In another recent ruling focusing on the U.S. Constitution's Commerce Clause, a federal judge in Virginia last month blocked enforcement of the state's new laws restricting out-of-state garbage.
The plaintiff, Houston-based Waste Management Inc. (WMI), which hauls trash from other states into Virginia, originally had won a contract from New York City to transport and dispose of 4,000 additional tons of trash per day. The company would continue disposing waste from the city in Virginia after New York's Fresh Kills Landfill closes in December 2001.
In response to WMI's contract, Virginia passed several laws restricting out-of-state garbage. WMI argued that those laws violate the U.S. Constitution provision that gives authority on interstate commerce solely to the federal government.
Virginia's laws would have:
* Capped landfill growth at either 2,000 tons per day (tpd) or the average amount accepted by the landfill in 1998, whichever is greater;
* Restricted the use of barges for transport of solid waste on Virginia's waterways;
* Required that containerized waste be stacked no more than two high; and
* Prohibited transport of waste on three Virginia rivers, according to court documents.
The laws had been signed by Virginia Gov. James Gilmore and were to go into effect July 1. But the recent injunction prohibits the laws' implementation.

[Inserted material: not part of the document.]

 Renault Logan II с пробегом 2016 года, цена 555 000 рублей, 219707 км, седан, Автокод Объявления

"The court is satisfied that failure to [prohibit] the cap provision and the barging restrictions will irreparably harm [the] plaintiffs," U.S. District Judge James Spencer stated in his decision. "Not only will they have to immediately curtail their present disposal of waste at certain landfills and divert that waste to other landfills at greater cost, but they may lose potential business opportunities as well."

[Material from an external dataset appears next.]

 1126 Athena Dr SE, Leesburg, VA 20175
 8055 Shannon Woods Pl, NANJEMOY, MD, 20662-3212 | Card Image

Virginia appealed the decision to the 4th Circuit Court of Appeals, but was rejected, according to David Botkins, spokesperson for Virginia Attorney General Mark Early. The permanent injunction hearing is set for early December.
Botkins calls the decision disappointing, but says the state is working on its case.
"We have a statutory obligation to defend the laws of the Commonwealth [of Virginia] when they are challenged," he says. "We are set to argue the case on its merits."
Until the hearing, WMI will continue to transport waste to Virginia, according to Tom Corbett, assistant general counsel for government affairs for WMI. However, the company has not started using barges yet, he says.
"We're waiting to see what happens with that [in court]," he says.
Corbett says WMI is pleased with the ruling. "We wouldn't have brought the suit if we didn't believe there was a better than even chance of us prevailing," he says.
Virginia is the nation's second-largest garbage importer, with most of the out-of-state garbage coming from New York City. And, it is the state's obligation to treat the waste the same as any other type of commerce, the judge's decision said.
"It is beyond question that the free flow of waste across state lines is protected by the Commerce Clause," Spencer wrote in his decision, "and that the states have no more power to discriminate against its importation than they do to discriminate against other articles of commerce."